I see what you're saying, but are still pretty to me.
The advice about looking around, is good,too!
The best thing you can do is MAKE SURE you and your taxidermist are on the SAME page concerning the mount!
P.S.
Just TODAY picked up the mounted head of my gator!!! 
Took 4&1/2 years to get to this point!!
IT'S BEAUTIFUL!!!!


----------



## The Bell Man

*bobcat*

here is mine.


----------



## mudawg

My uncle has one that is layin on its stomach and is lookin up at a pheasent. pretty neat and very nice mountains!


----------



## rex upshaw

11P&YBOWHUNTER said:


> Funny you ask....I got 2 bobcats last year and gave one to my best friend...well, both of them were mounted and finished recently...also, the gal i used to hunt with got one and had it mounted and she got it back just before christmas.  I will put them up for you to check out...
> 
> here is mine.  it needs the paw and first part of the leg to be altered...i plan on doing it when i get home...the face looks like he is oriental, not much i can do about that.  I have only ever seen a couple of cats i lked.  People can never seem to get the face correct.  Shop around good before you pic a taxidermist...only two cat mounts i ever saw that i would have liked to have were both done by taxidermists that do not live anywhere near me...

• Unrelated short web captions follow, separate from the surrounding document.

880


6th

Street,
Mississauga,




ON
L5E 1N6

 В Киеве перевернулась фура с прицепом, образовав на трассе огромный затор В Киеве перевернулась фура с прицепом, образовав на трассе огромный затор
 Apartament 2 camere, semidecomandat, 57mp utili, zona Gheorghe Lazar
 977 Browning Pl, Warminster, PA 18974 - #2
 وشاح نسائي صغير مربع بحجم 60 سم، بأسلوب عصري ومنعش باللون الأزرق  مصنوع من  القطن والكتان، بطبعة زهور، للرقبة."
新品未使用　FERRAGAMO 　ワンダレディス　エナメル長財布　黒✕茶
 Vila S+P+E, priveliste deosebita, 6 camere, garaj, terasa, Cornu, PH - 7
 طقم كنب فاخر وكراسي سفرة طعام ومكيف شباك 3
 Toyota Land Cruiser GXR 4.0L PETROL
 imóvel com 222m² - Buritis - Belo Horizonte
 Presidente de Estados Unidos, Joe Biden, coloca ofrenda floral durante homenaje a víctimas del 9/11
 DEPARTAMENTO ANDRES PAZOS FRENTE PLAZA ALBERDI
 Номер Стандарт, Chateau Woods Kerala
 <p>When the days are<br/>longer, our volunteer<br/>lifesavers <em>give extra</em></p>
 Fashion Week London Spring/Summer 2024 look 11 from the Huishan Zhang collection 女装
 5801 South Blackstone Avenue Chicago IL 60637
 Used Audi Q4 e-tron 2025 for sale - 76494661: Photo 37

at first glance, i though the cat in the first pic was giving the finger.


----------



## GobbleAndGrunt78

rex upshaw said:


> at first glance, i though the cat in the first pic was giving the finger.



 I thought the same thing!
The cat laying on the table is awesome! I might get mine done like that.


----------



## Confederate_Jay

I agree, Her cat looks  great !  I had mine done laying down also.


----------



## VANCE




----------